One night at about 3:30 in the morning, there was a sudden, loud knock on our front door. My 74 year-old mother had fallen asleep on the living room sofa while watching a movie on TV and the rest of us were in our respective bedrooms. The knock was loud enough to wake us all up. I grabbed my GI 1911 A-1 and went to see what was going on. My mother was at the front door, with her Smith and Wesson .38 special held at her side. My wife grabbed her .38 and joined me in the kitchen where we could see what was happening. My nineteen-year-old daughter emerged from her room and when she saw what was coming down, she grabbed a phone and returned to her room to grab her Buffalo Scout .22 revolver and dial 911. At about that time, my oldest son appeared at the top of the stairs with his ChiCom SKS and my nine-year-old son came out of his room with his double-barrel 20 gauge.
We have security cameras located all around the house and garage and on a couple of the monitors we could see one man standing on the front porch and two more hiding around the corner of the house.
Through the door, my mother asked the guy on the porch what he wanted. He said his car had broken down about a block away and needed to use our phone. Mom told him to give her the number and she would call it for him. He wouldn't give her a number and insisted that he needed to use the phone. His story changed several times and he appeared to be getting desperate and his voice started to take on a threatening tone.
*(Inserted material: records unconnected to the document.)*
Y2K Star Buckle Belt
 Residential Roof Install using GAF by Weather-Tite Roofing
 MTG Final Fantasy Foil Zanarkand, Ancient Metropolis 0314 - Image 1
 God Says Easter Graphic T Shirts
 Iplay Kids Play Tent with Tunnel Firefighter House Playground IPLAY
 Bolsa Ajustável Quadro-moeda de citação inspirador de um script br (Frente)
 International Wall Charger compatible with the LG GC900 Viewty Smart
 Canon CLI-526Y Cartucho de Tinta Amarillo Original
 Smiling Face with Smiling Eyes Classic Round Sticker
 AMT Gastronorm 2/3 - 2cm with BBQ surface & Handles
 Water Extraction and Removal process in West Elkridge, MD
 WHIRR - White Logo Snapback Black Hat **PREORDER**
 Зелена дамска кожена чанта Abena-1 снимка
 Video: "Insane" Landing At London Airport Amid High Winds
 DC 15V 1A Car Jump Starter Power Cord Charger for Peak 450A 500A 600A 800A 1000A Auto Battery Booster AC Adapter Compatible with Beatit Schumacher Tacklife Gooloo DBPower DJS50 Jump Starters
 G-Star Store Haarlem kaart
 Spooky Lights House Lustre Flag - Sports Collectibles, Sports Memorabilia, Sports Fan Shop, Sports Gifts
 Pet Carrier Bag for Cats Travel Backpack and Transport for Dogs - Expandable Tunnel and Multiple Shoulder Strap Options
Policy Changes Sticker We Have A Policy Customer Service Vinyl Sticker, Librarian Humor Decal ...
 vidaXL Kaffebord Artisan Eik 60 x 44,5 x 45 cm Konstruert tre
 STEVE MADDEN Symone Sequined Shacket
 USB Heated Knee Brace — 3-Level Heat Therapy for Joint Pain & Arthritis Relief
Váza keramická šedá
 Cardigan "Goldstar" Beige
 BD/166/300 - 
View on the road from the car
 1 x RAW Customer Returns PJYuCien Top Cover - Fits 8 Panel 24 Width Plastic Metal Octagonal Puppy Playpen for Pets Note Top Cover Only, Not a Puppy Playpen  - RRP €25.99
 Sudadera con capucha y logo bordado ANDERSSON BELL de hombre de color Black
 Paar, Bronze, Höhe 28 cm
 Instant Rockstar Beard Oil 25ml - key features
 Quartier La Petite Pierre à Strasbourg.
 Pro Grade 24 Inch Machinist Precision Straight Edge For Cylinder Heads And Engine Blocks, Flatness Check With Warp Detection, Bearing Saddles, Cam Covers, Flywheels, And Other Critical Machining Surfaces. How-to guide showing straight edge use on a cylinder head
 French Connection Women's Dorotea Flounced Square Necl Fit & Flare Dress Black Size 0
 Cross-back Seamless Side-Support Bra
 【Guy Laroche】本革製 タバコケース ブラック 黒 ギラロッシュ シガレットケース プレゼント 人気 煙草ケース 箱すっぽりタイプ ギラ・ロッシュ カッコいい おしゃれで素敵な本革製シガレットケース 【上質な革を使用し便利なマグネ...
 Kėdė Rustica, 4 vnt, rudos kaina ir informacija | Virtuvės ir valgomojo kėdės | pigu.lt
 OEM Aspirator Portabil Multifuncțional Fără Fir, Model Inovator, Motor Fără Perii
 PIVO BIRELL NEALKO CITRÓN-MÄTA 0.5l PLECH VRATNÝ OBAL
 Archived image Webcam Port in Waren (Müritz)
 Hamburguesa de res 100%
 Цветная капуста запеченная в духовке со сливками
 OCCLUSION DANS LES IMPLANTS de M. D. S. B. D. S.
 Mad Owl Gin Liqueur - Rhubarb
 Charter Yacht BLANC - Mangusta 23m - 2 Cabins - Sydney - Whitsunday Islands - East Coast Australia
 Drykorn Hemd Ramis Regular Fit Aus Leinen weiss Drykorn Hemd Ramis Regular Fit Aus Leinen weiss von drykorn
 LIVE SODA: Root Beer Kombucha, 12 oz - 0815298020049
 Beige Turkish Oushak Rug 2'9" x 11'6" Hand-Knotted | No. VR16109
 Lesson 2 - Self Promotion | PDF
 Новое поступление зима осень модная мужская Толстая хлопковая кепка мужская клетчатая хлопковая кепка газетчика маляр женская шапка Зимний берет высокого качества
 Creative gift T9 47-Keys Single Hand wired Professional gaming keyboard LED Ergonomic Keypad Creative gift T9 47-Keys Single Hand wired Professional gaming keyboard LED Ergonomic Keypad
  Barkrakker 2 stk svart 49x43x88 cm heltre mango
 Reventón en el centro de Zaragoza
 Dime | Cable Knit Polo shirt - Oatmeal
I nodded to my wife and sons and my wife took up a position in the hallway and my youngest son crouched behind the fridge where he had a good view of the front door.
My oldest boy and I slipped out the back door. We crept around the house to where the two accomplices were hiding. One was male and the other was female. I think the male crapped himself when the cold steel of my boy's rifle barrel touched the back of his neck. The female turned around to find my .45 pointed right between her eyes.
We marched them around to the front of the house just as four police cruisers turned onto the block and pulled up in front of the house. The front door opened up and the guy on the porch was suddenly staring down the barrels of two .38s and a double 20.
The cops cuffed and stuffed the trio and took statements from all of us. As they were leaving, one cop slapped another on the back and laughed. "Idiots picked the wrong damned house tonight!"
What's really strange about the whole thing is that my neighbor is a city cop and his cruiser was parked right in front of our house! He slept through it all and when I spoke to him the next day, he asked me why we didn't just take the morons out and be done with it. I told him I'd considered it but didn't want to have to clean up the mess.
There hasn't been so much as a hubcap stolen in the neighborhood since.